I also like the use of brick on this temple.  Several other temples are made of brick including the Vernal Utah Temple (converted from a tabernacle), the Copenhagen Denmark Temple (converted from a chapel) and the Johannesburg South Africa Temple.  I like the red brick.  It reminds me of the blood of Christ.  It also reminds me of Nauvoo and the Red Brick Store in Nauvoo where the Temple Endowment was first given to a select few by Joseph Smith while the temple was being completed.  I also love the buttressing of the walls, the pointed arches, and the keystones and other prominent stones done in a lighter grey or white.  I like the stained glass windows (added when they removed the original spire) and it appears that they will be restoring the windows.  Since the central tower never would have had stained glass windows it will be interesting to see how they do those windows and if they use them to work in symbolism.

Another thing I like about this temple is that it will be the second (or third if you count the Cochabamba Bolivia Temple) temple with five towers (the Oakland California Temple also has five towers).  I am not the biggest fan of central tower temples, but I like the look with four complimentary corner towers.

I look forward to seeing how the interior of this temple will look.  The original tabernacle had an ornate interior.  I hope the copy a lot of the beautifully carved elements for the temple.  By the way, the church is adding ornately carved moldings to the Brigham City Temple.  You can see pictures in this article.  I hope similarly ornate work goes into the temple rooms.  Here is what the tabernacle interior used to look like.

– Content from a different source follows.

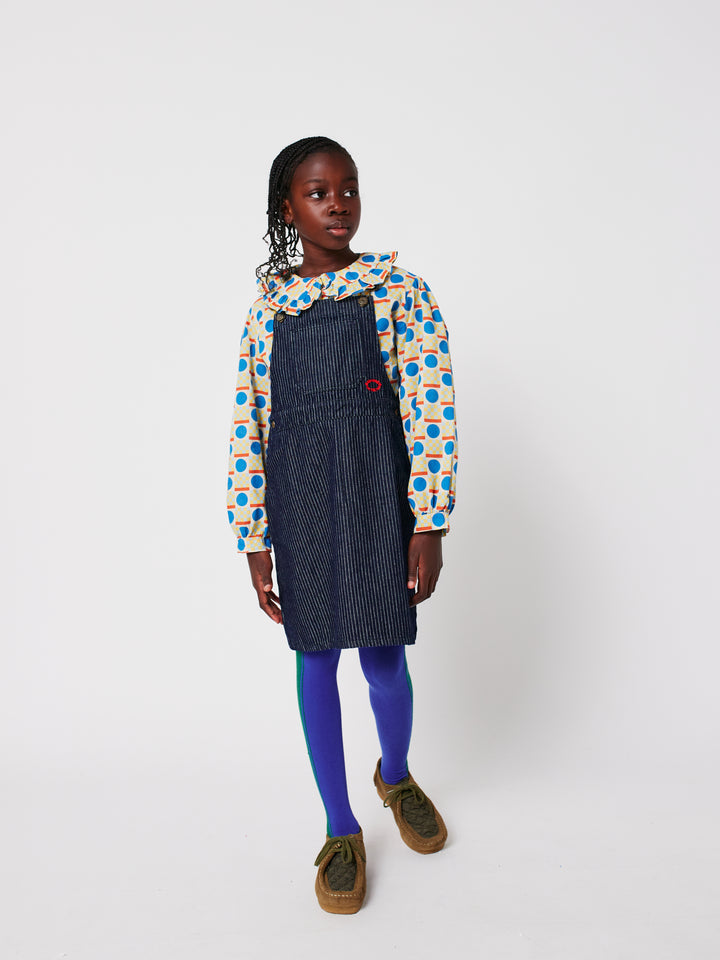Bobo Choses - Jeans Jurk Tic Tac Toe Denim Navy Blue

It will also be interesting to see how they divide the interior into rooms.  I've never been in the original tabernacle, so I'm unsure just how much floorspace is available.  I'd assume that that the church will add an underground annex with dressing rooms and offices and perhaps a chapel so as much of the historic building as possible can be used for temple ordinances.

There are some of my thoughts on these new temples, and mainly on the Provo Tabernacle Temple.  Please comment and let us know what you think about these temples.

13 comments:

Brett said...

http://www.flickr.com/photos/19779889@N00/5571341577/in/pool-26321983@N00/

The Star Valley Tabernacle is lovely.

tolman said...

I wonder if the celestial room will be in the middle so as to use the central spier as a voluted ceiling like in other temples?

Brett said...

That would be amazing if they did do a centrally located celestial room. You could fit two single endowment rooms either side easily.

I am not sure if you could fit a new 2 room progression style setup...however if you could, you could then squeeze in a double set on either side increasing it's capacity.

Of course, I am not sure you could fit all the rest of the rooms on the ground floor...I suppose you could do a full basement level for the baptistery.

Anyway...it's just some musings. I quite like the design, although I think a Salt Lake Temple styled Angel Moroni would be more sympathetic to the period of the building.

Scott said...

They could do 2 A rooms, one B room, and a celestial room. You spend about 2/3 (1 hr) of the endowment in the first room and 1/3 (1/2 hr)in the second (I've timed it). I'm not sure how you'd arrange the rooms, but this setup would use less space and allow endowments to be performed every 30-40 minutes.

Another option would be to have 2 'A' endowment rooms on the first floor and then have you go upstairs to two 'B' endowment rooms and then to the celestial room.

I agree that a Salt Lake style Moroni would fit in with the historic character of the building. I also wish the church would develop a new style of Angel Moroni statue. They should commission a new statue every 10 or 20 temples in my opinion. This would make you want to look at the statue and study it. As it is, there are only a few unique ones so normally there isn't anything unique to look at.

Anonymous said...

The only thing that you got wrong is that the Provo Tabernacle wasn't used for stake conferences on occassion. It hosted 2 stake conferences virtually every Sunday of the year. It wasn't an occasional thing--it was constant.

tolman said...

I think it will need a basement, making it a three floor temple if not also addition g a under ground annex just to acomidate the volume of people it will see.

Justin said...

I heard there was a President Hinckley quote following the difficult transformation of the Vernal Tabernacle into a temple saying that that church wouldn't undergo another serious restoration project like that again. Scott, have you ever run across that quote?

Brett said...

On the Angel Moroni, it looks as though the it is a Salt Lake Temple styled one. The new Payson Utah Temple definitely is in that style...download the large res photo from the Church website and enlarge to full size and you can definitely see that.l I tried to do the same with the Provo Tabernacle Temple but they have positioned it away from the viewer so you can't fully see it.

Anonymous said...

Temple spires are almost always architectural ornaments that don't connect to the interior space. Although it would be cool if one could look up into the tower from the celestial room, it would also prevent a two-room progressive endowment arrangement, and nearly every temple built in the past 15 years has used a progressive arrangement.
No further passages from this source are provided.